The council have "partially" accepted my objection, and have ammended the structure plan to show the full scheduled area including the henge as protected from development in this plan's life. It is not clear to me for how long this will protect the monuments.

I have decided to present my arguments to the report enquiry so that the objection is noted more clearly on the public record, and I obtain clariy as which parts of the objection the council do not currently accept. The hearing has been delayed until April 2004 on a public communications fasilure technicality.

I have heard annecdotally from a 70 year inhabitant of the village, that this is not the first time that developments have been attempted on this site. I have no documentary proof of this assertion however, and the local paper office could not help me with an archives enquiry when I visited their office recently.

Jon Metcalf

Lengthy posting follows, for which all due apologies, however I bring good news.

I wasn't happy about just fearing for the future of this site, so have done something positive about it.


The two plots of land (P1 and P2) which make up this site are listed in the Aberdeenshire Local Plan for "access" and "environmental" developments. This plan was posted on the council website for consultation in the 6 weeks ending 11/10/2002.
http://www.aberdeenshire.gov.uk/localplan/maps/Garioch%20main/Inverurie%20and%20Port%20Elphinstone.pdf

The nature of the developments are not detailed in the plan. I visited the local council planning office in Inverurie to try to find out more, but the people working there didn't have any detail. They did suggest that landscaping and a children's play area may be involved however. The prospect of landscaping raised grave concerns for me since since most of the henge monuments in Scotland have been obliterated as surface features by ploughing.
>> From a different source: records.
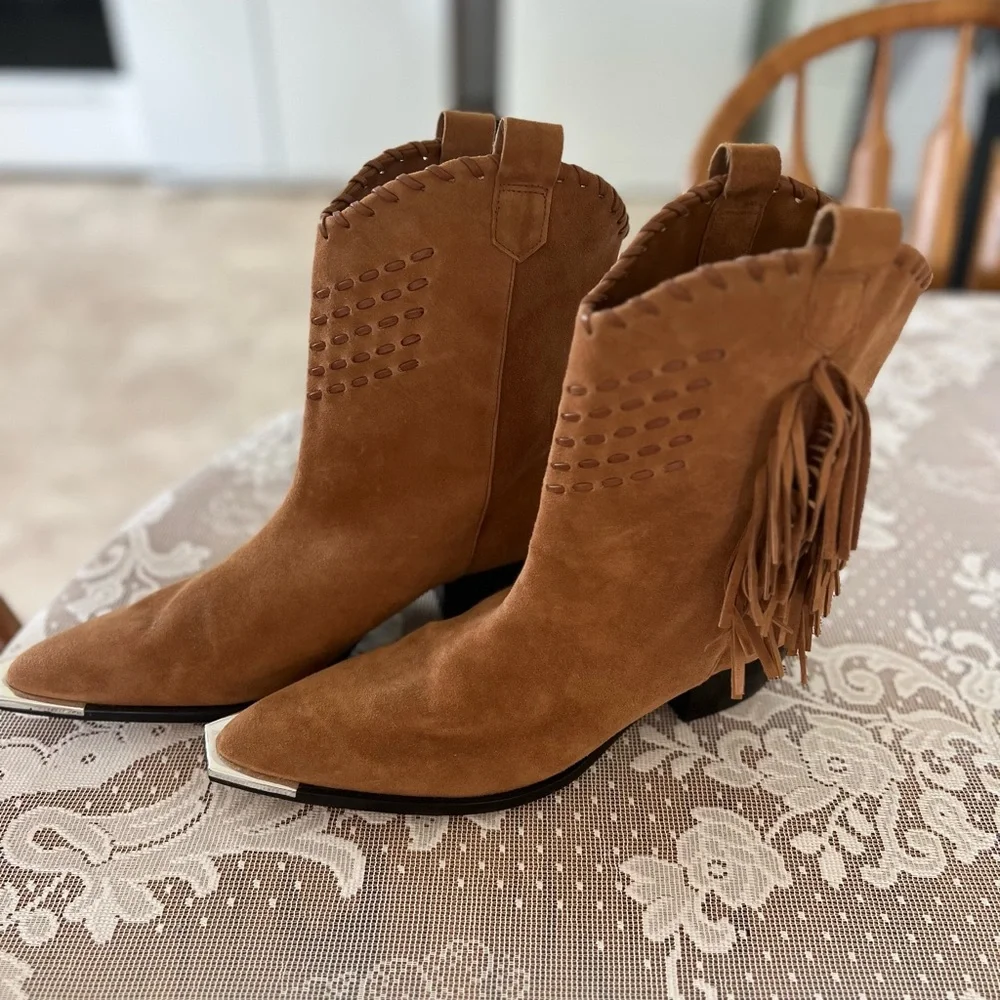 Schultz Tan Suede Fringed Western Heeled Boot - Picture 3 of 5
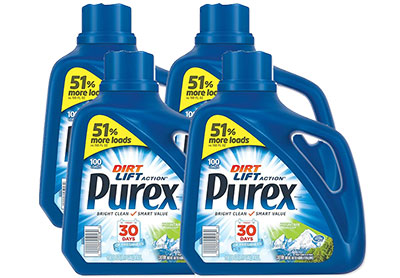 Image: Purex 100-Loads Dirt Lift Action Mountain Breeze Scent Laundry Detergent Liquid (4.43L x 4 Pack)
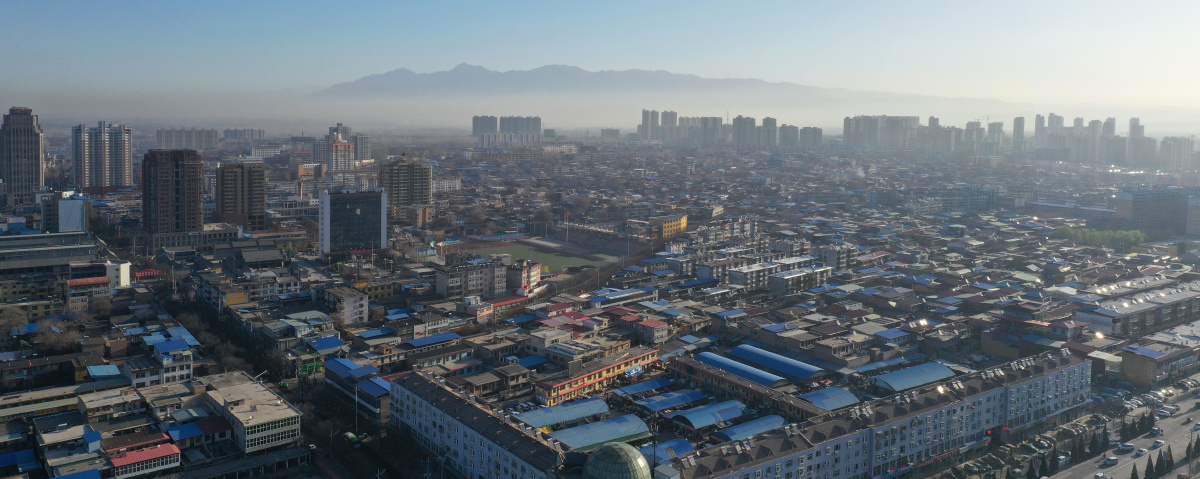 俯瞰洪洞县城一角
The site contains several Scheduled Ancient Monuments, which are therefore subject to National Planning Guidelines (NPPG5 para 17), and the protection afforded by the 1979 AMs act. Most of the site has been owned by Aberdeenshire council since 1967, during which it has been benignly neglected. In the two hundred years or so before this, the site has a history of abuse of nationally important archeology for building stone and railway aggregate.
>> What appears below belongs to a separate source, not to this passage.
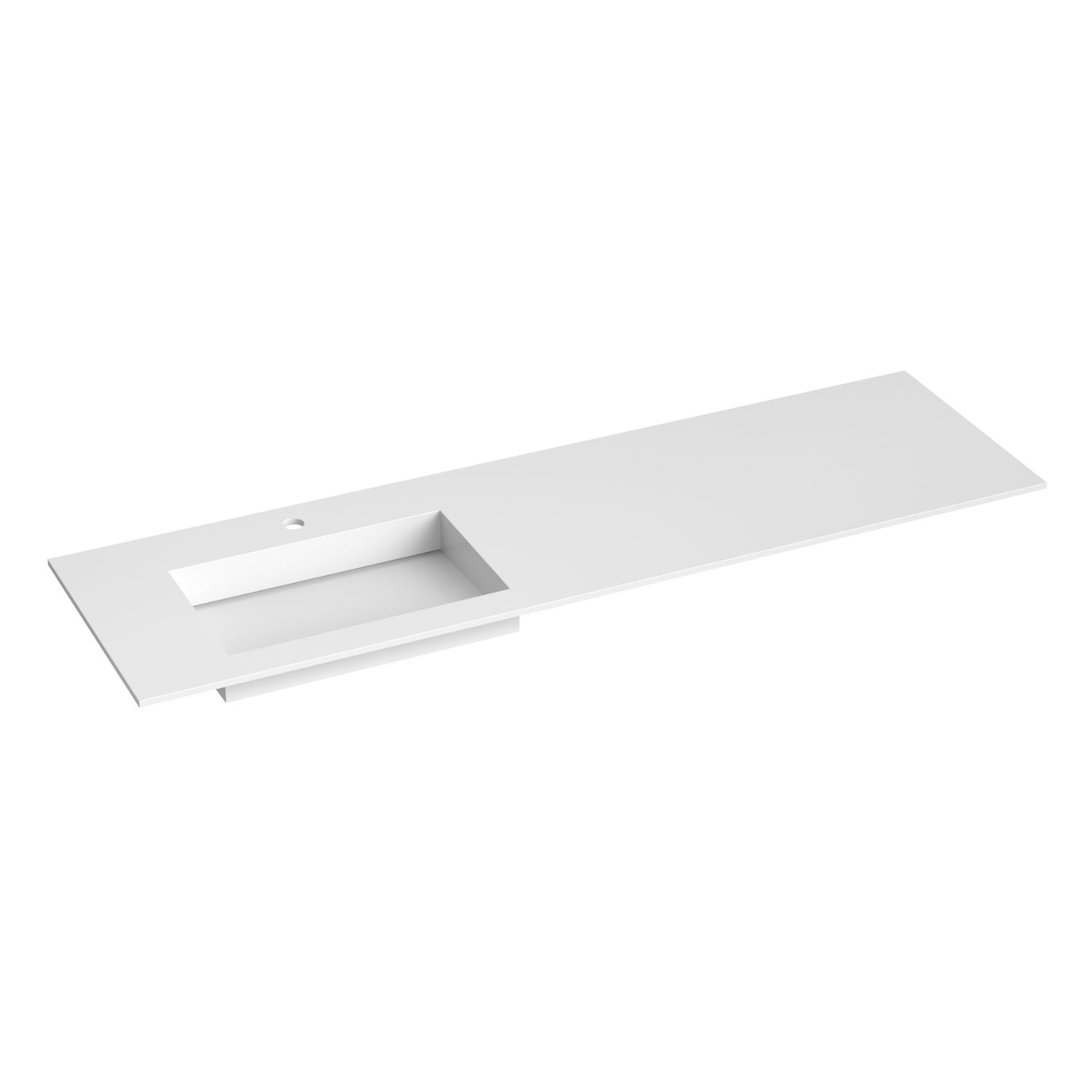 Korsbakken Corian Sidestilt Servant med Flat Bunn Hvit matt / 160cm / Venstre Korsbakken Møbelservant KO-383902165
I questioned the development using the formal objections procedure. I copied the custodian of the National Monuments Record of Scotland, the Aberdeenshire county Archeologists Office, and Historic Scotland for information purposes. The NMRS people said thanks for the warning, however legally they could not express an opinion on the plan. The council planners said they had contacted the county archeologist who had checked my points, agreed them all and could not understand how they had missed the monuments when OK-ing the draft plan.

They acknowleged that for any development to go ahead on the site, that Historic Scotland would have to give the go ahead (the protection afforded by the 1979 act with a presumption of no development). Ominously HS were consulted on the plan and did not raise any concerns about this site, though hopefuly that was just an oversight as it is a several hundred page document. I copied HS on my email to the council, but have yet to receive a response from them.
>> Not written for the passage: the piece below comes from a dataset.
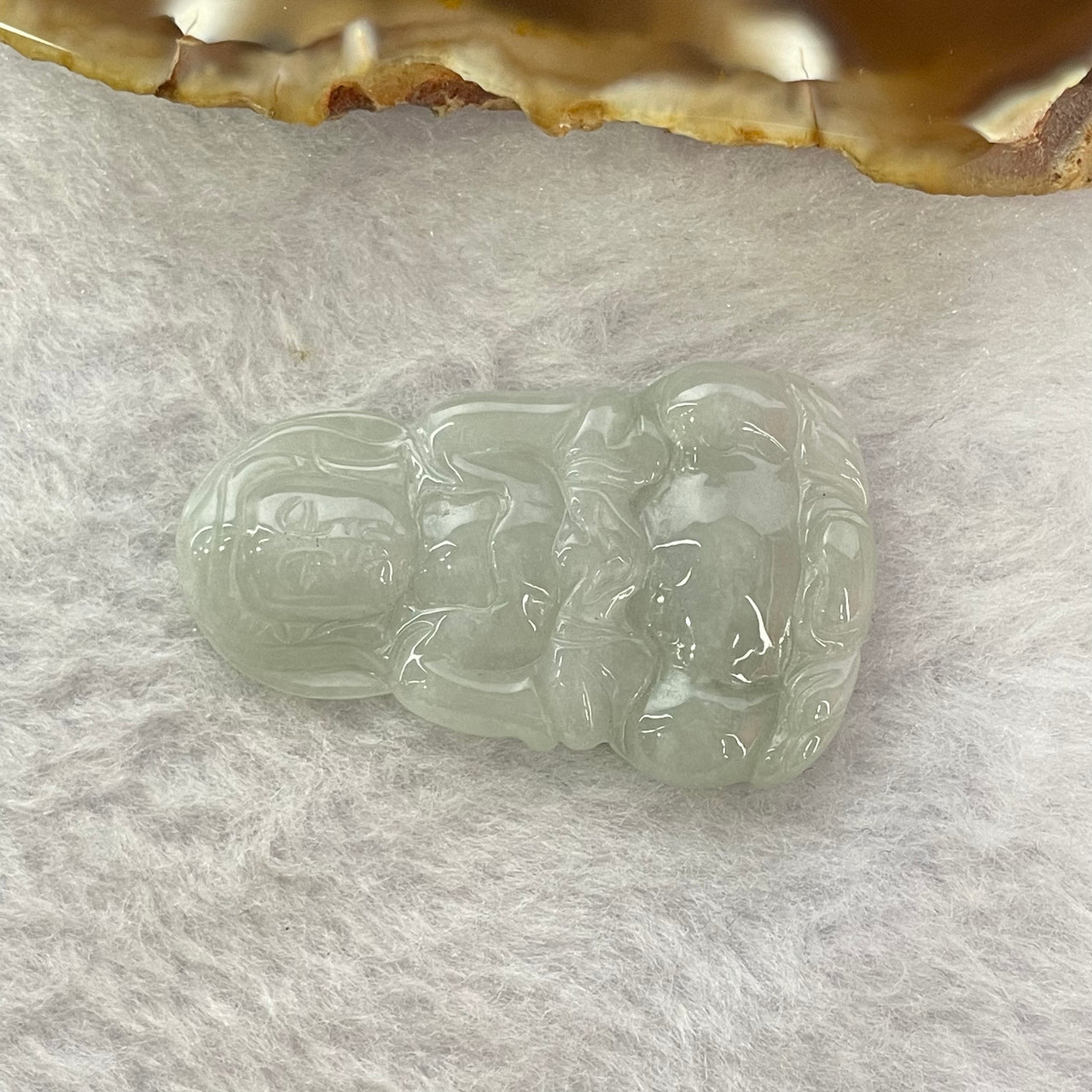 Type A Green Jadeite Guan Yin Pendant 6.98g  40.6 by 24.7 by 4.5mm - Huangs Jadeite and Jewelry Pte Ltd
Here are my questions and contextual material sent to the council. They phoned to say they had checked my points out, agreed them all, and couldn't understand why development had been proposed. The guy who made the proposal was on holiday, but will be back and will revert in w/c 28/10/2002. I will try to report further to this site.

I made the point verbally to the council that not all development was necessarily bad. If the site were grassed undamaged, and some interpretive boards put nearby, that could be an improvement over the rusty fence and scrubland currently in place for example.


"Questions:

1) In more detail, what specific developments are planned for the P1 and P2 sites, and when.

2) What protection will be afforded to the following monuments, and how will they fit into the proposals.

RCAHMS NMRS NJ71NE 6 (Scheduled monument - one of just twelve 1:50,000 mapped henges in Scotland)
Stone Circle (two original stones remain, plus symbol stone RCAHMS NMRS NJ71NE 8 moved during railway construction), Class II Henge diameter 33m approx, and 2 Cists 100m South of henge. Stone avenue sockets leading to henge from south (all 72 stones bar the three remaining today destroyed in 19th century). Most recent excavation of stone sockets 2001.

RCAHMS NMRS NJ71NE 7
Site of three concentric rows of erect stones with a small cairn in the middle, and a flat altar-stone, with a cavity in the upper part, raised on a rough cairn (recorded 1757). Now the site of a derelict sandpit.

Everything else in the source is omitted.